THE TASK:
Would you reproduce exactly the lines below from the one holding "Pantaloni da tuta" through the one holding "Ted Baker Elethea", inclusive, and no others?

== SOURCE INFORMATION ==

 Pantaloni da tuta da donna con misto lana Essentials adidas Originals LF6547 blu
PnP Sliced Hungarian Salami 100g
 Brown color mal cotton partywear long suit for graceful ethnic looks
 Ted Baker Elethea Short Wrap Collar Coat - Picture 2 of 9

===
== SOURCE INFORMATION ==

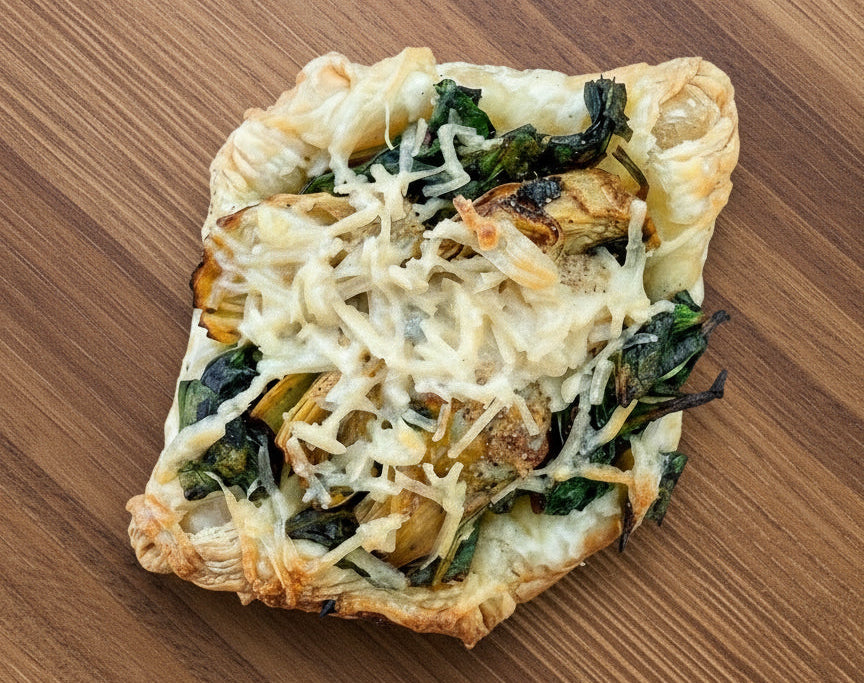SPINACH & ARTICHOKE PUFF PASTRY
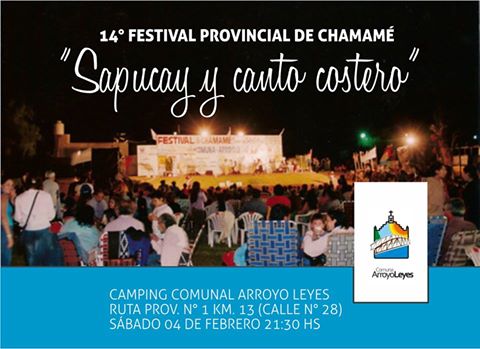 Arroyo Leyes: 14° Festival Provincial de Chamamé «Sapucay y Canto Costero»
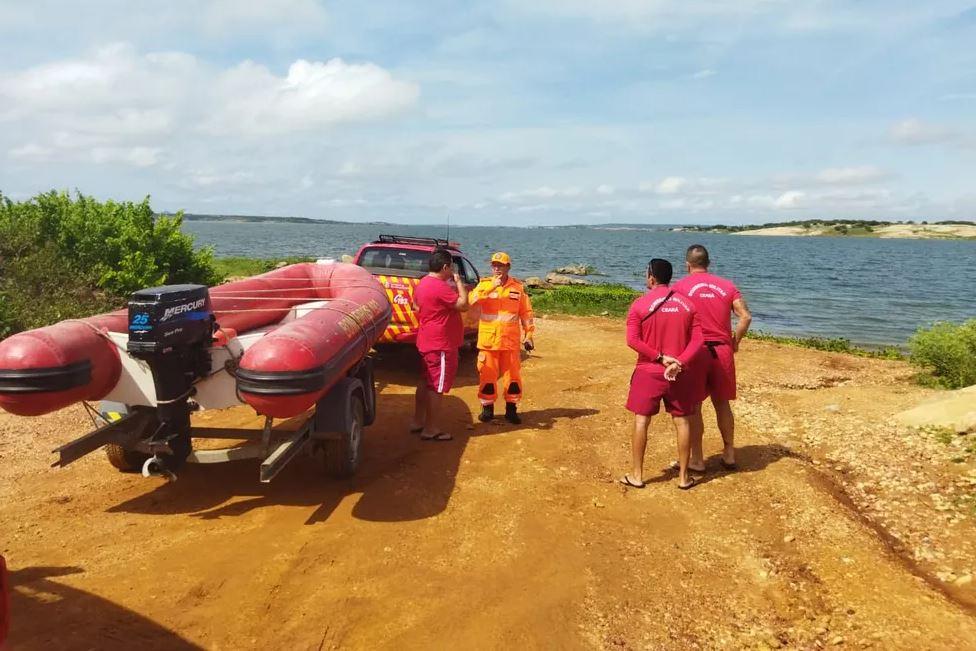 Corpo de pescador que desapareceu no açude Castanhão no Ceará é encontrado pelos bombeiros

===

RESPONSE AREA:
 Pantaloni da tuta da donna con misto lana Essentials adidas Originals LF6547 blu
PnP Sliced Hungarian Salami 100g
 Brown color mal cotton partywear long suit for graceful ethnic looks
 Ted Baker Elethea Short Wrap Collar Coat - Picture 2 of 9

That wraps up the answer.